No documentary in the last couple of years has fascinated the broader public more than Oscar-winning Searching for Sugar Man. The story of the resurrection of Rodriguez, the Detroit artist thought dead since the early seventies, touches the heart and the mind. This is understandable, as there is something especially thrilling about rock 'n roll death. Rodriguez turns up alive and well, like Elvis coming back from the dead. It is also an American tale of rags to riches.

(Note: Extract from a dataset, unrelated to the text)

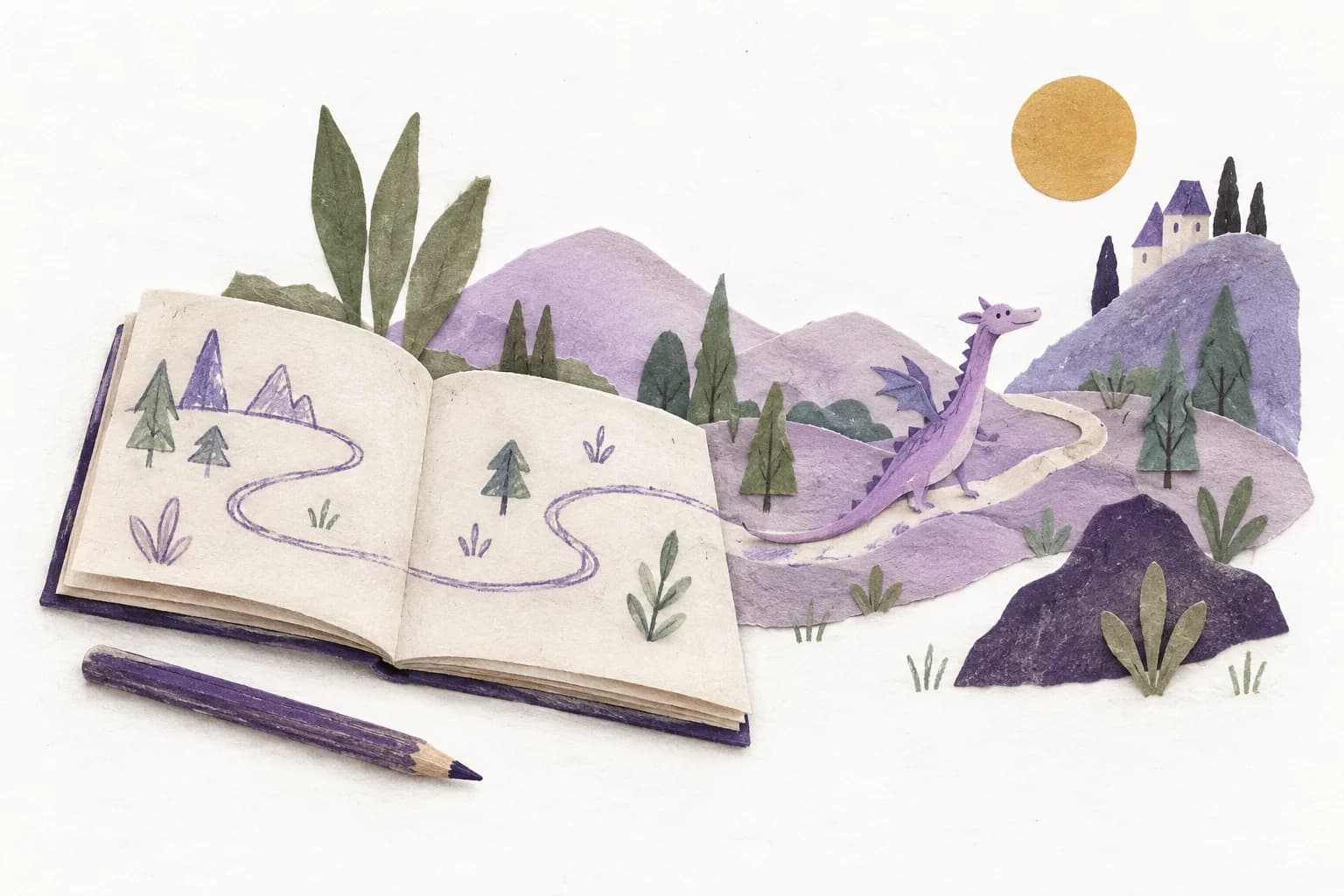 Chispita recorre un camino entre montañas de papel que nacen de un libro abierto.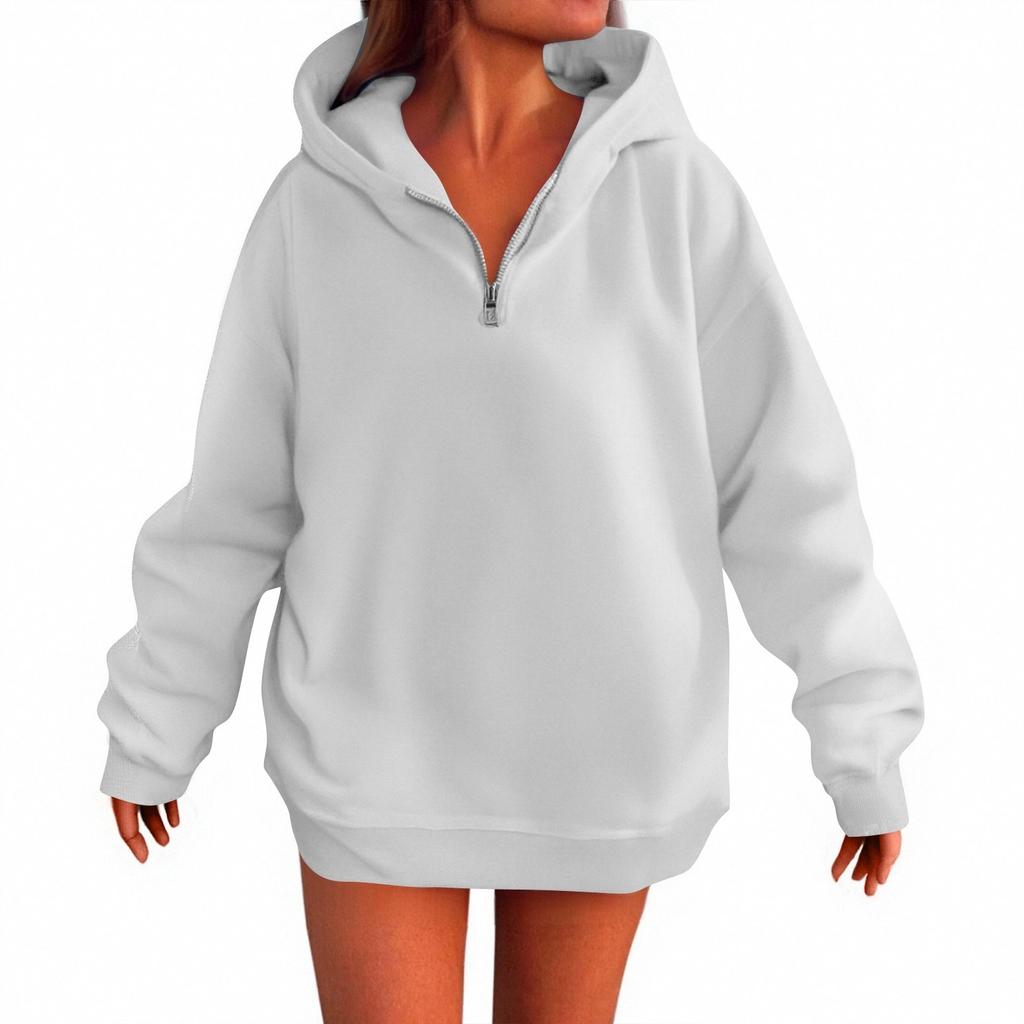 Women's Fashion Casual Long Sleeve Solid Color Hooded Sweatshirt Tops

More importantly, however, his story is about the amazing global influence and impact of rock and roll music on people, on movements for freedom and human rights. As Malik Bendjelloul, the Swedish director of the film, rightly says, every revolution needs an anthem. But revolutions also need dreams, that can best be enshrined in the musical art form of rock and roll -- a form people can and want to embrace because they feel it's their own.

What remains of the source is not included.